- Available data -
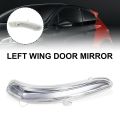 Car Side Wing Door Mirror Indicator Repeater Blinker Lens Without. 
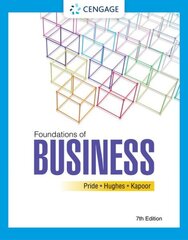 Foundations of Business 7th edition цена и информация | Книги по экономике | 220.lv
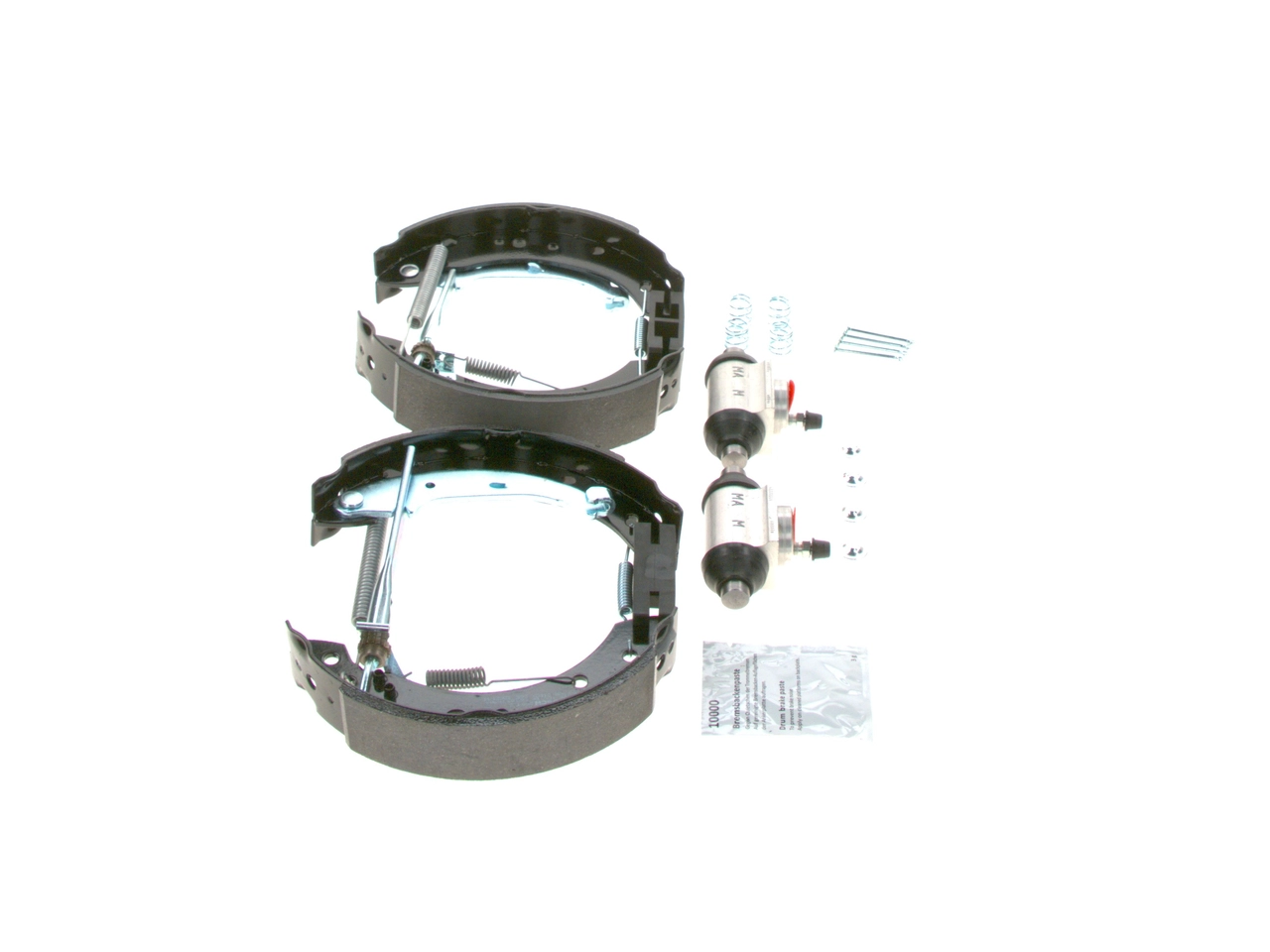 Комплект тормозных колодок BOSCH 0 204 114 675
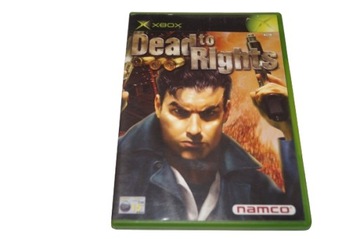 Игра DEAD to Rights Microsoft Xbox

- Description of the task -
Your output should be only the lines from the line with "Комплект тормозных колодок" through the end of the data, exactly as they stand, and no pictures.

- Task response -
 Комплект тормозных колодок BOSCH 0 204 114 675
 Игра DEAD to Rights Microsoft Xbox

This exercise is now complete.